13. The method of claim 12, wherein configuring the remaining portion of the fine-tuned LLM comprises one or more of:
determining a number of layers for the remaining portion of the fine-tuned LLM according to the one or more hyperparameters;
configuring a fine-tuning batch size according to the one or more hyperparameters and the privacy-preserving fine-tuning protocol; and
configuring the at least one additive head layer according to the one or more hyperparameters and the privacy-preserving fine-tuning protocol.

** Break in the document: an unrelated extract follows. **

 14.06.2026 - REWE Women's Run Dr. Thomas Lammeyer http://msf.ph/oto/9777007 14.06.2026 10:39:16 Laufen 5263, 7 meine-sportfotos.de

14. The method of claim 12, wherein the at least one additive head layer comprises:
a rectified linear unit (ReLU) activation function; and
a dropout mask that selective disables one or more portions of the ReLU activation function according to the one or more hyperparameters.
15. One or more non-transitory, computer-readable storage media, storing program instructions that when executed on or across one or more processors cause the one or more processors to perform:
implementing a node of a plurality of computing nodes communicating according to privacy-preserving fine-tuning protocol to create a fine-tuned large language model (LLM) according to one or more hyperparameters, the creating comprising:
deriving the fine-tuned LLM from a pretrained LLM according to the one or more hyperparameters, the deriving comprising:
freezing at least a portion of the pretrained LLM; and
configuring a remaining portion of the fine-tuned LLM according to the one or more hyperparameters and the privacy-preserving fine-tuning protocol;
receiving respective training information from individual clients of a plurality of clients, wherein secrecy of the respective training information is preserved with respect to individual nodes of the plurality of computing nodes; and
fine tuning the remaining portion of the fine-tuned LLM according to the respective secret training information and the privacy-preserving fine-tuning protocol.

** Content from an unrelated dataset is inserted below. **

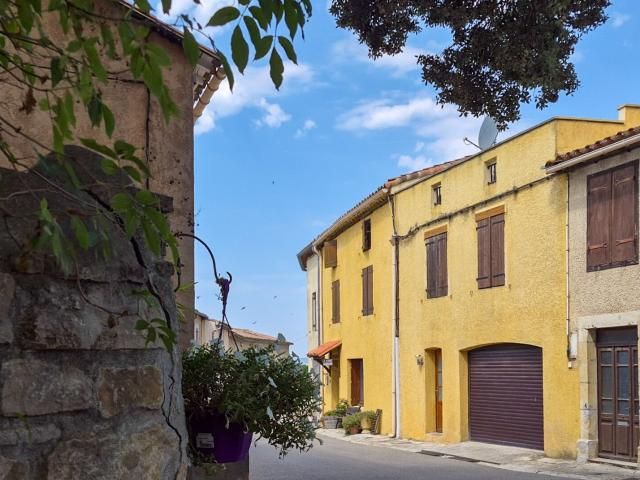 Spacieuse maison de village avec terrasse, piscine et vue pa. 176m² Cailhau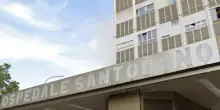 Bimbo di 9 mesi ricoverato con fratture a testa, femore e collo. Gravissimo, indagini in corso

16. The one or more non-transitory, computer-readable storage media of claim 15, wherein the privacy-preserving fine-tuning protocol comprises computations performed according to a secure multiparty computation protocol.
17. The one or more non-transitory, computer-readable storage media of claim 15, wherein the fine-tuned LLM is fine tuned according to a square loss function.

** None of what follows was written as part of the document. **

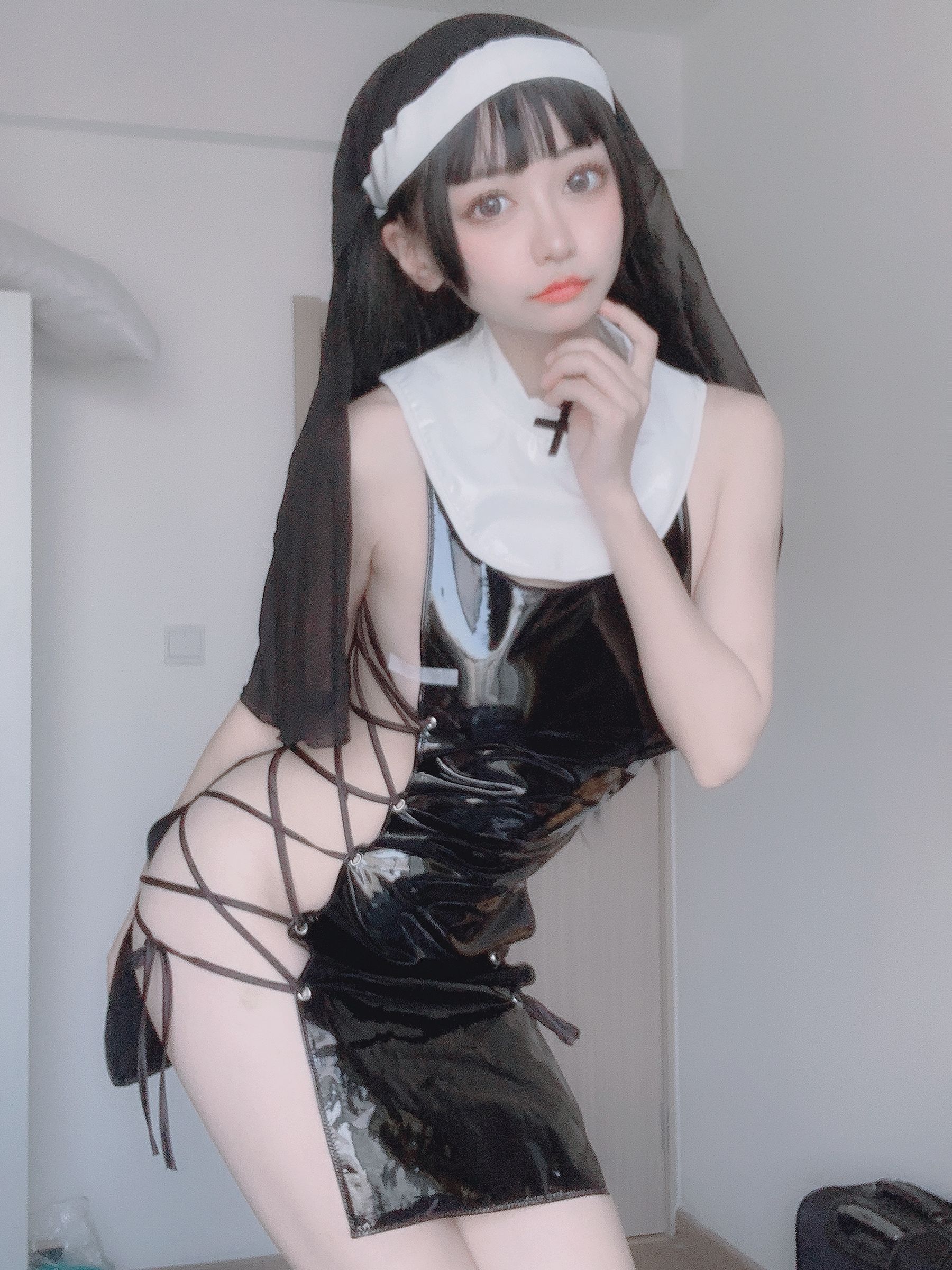 图片[4] - 神本无尾_Aria - 修女 [10P] - 机器猫次元 - 机器猫次元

18. The one or more non-transitory, computer-readable storage media of claim 15, wherein the respective training information from the individual clients individually comprises embeddings and class labels generated by the respective individual clients according to secret client data and the pretrained LLM.
19. The one or more non-transitory, computer-readable storage media of claim 15, wherein the fine-tuned LLM comprises the pretrained LLM and at least one additive head layer, wherein the freezing comprises freezing the pretrained LLM, and wherein the remaining portion of the fine-tuned LLM comprises the at least one additive head layer.
20. The one or more non-transitory, computer-readable storage media of claim 19, wherein configuring the remaining portion of the fine-tuned LLM comprises one or more of:
determining a number of layers for the remaining portion of the fine-tuned LLM according to the one or more hyperparameters;
configuring a fine-tuning batch size according to the one or more hyperparameters and the privacy-preserving fine-tuning protocol; and
configuring the at least one additive head layer according to the one or more hyperparameters and the privacy-preserving fine-tuning protocol.